The federal government has announced that it will amend telecommunications laws to allow telecommunications operators to block fraudulent SMS messages.
“The regulatory amendment we have enacted gives the telecommunications industry the authority it needs to block malicious SMS messages on a massive scale and protect the Australian public from scammers,” Home Secretary Karen Andrews said .
“The Morrison government is committed to working with industry to tackle new and emerging threats to the Australian community, including scams that exploit digital technologies for nefarious purposes.”
The changes result in the modification of the Telecommunications (Interception and Access) Act 1979 (TIA Law) so that telecom operators can intercept malicious SMS messages to be able to block them.
Regulatory changes have been in the works for some time, Home Affairs Secretary Mike Pezzullo telling Senate estimates his department was in talks with the telecoms industry to give telecom operators more powers to block spam and malicious content via the TIA law.
Telstra CEO Andy Penn said that in light of regulatory changes, his phone company is now developing a new cybersecurity capability designed to automatically detect and block fraudulent SMS messages as they travel on its network.
The capability is currently being exploited as a pilot within Telstra so that any fraudulent SMS message sent to its staff can help “train” systems to differentiate between a legitimate SMS and a malicious SMS. The latter capability is part of Telstra’s Cleaner Pipes initiative that started last year.
Andrews also announced that a new Joint Cybercrime Policing Coordination Center – JPC3 – will be operational from March 2022, which will focus specifically on preventing cybercriminals from defrauding, stealing and defrauding Australians. .
JPC3 operations will be led by Australian Federal Police (AFP) Deputy Commissioner Justine Gough, who will become AFP’s first full-time executive dedicated to the fight against cybercrime.
“The AFP-led JPC3 will broadly target cybercriminals who deceive businesses by using business email compromise or trigger mass phishing attacks, which can defraud personal information or money,” he said.
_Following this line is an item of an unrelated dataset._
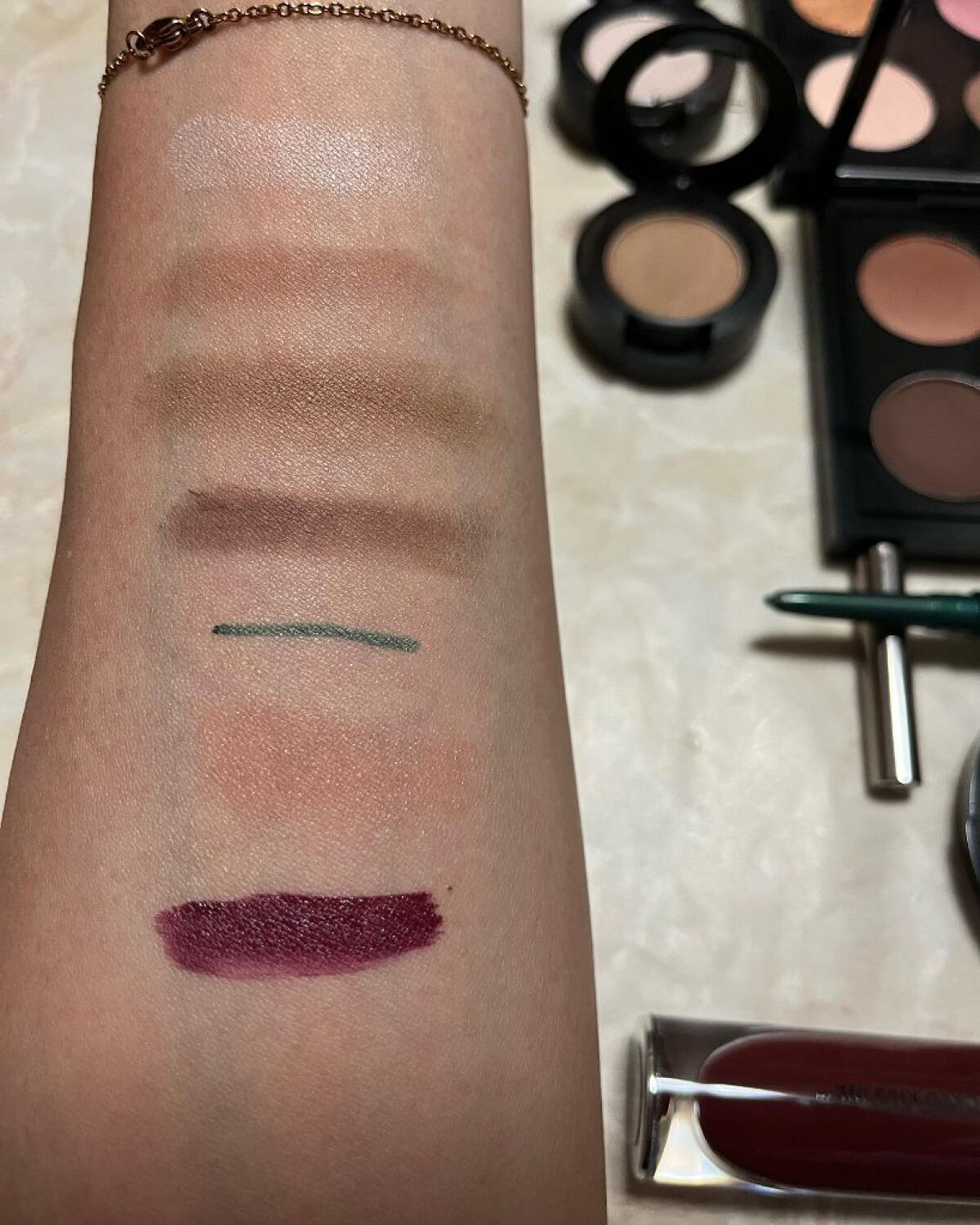 スモール アイシャドウ シュルーム/M・A・C/単色アイシャドウを使ったクチコミ（2枚目）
AFP said.
With Andrews announcing these new cyber initiatives, AFP simultaneously said it had stopped cybercriminals from stealing AU $ 24 million from local retirement accounts in a recently exposed operation.
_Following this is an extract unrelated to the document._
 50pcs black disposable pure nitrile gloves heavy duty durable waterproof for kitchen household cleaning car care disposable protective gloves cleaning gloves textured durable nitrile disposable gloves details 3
As part of Operation Zinger, AFP said it had shut down a criminal market specializing in the online sale of cybercrime software, which contained more than 500,000 compromised online credentials.
By examining 500 gigabytes of data, AFP was able to identify victims and offenders. AFP then contacted 20 pension companies and facilitated the remediation of over 25 super managed information systems to protect 681 matched super accounts attached to members and 35 super matched accounts attached to employers.
AFP also indicted a Sydney man for stealing more than A $ 100,000 in an illegal SMS phishing scam targeting the banks and telecommunications accounts of more than 450 victims. The phishing scam consisted of luring victims to a fake webpage, by texting them, and asking them to provide personal information. The accused then used this information to access the victims’ phone and bank accounts. He also created new accounts without their knowledge.
AFP worked with the Commonwealth Bank of Australia, National Australia Bank and Telstra to identify victims who entered information into these bogus web pages. The companies have also placed additional security protocols on these account holders, helping to prevent more than A $ 4 million from being stolen from the accounts of 16,000 other Australians, AFP said.
The accused person, if found guilty, faces up to 26 years in prison.
All of the new measures follow the theme of tackling cyber threats, as do other initiatives announced by Home Affairs in recent months, such as the Critical Infrastructure Bill currently awaiting Royal Assent, its plan to national action against ransomware and new principles for critical technologies. supply chain security.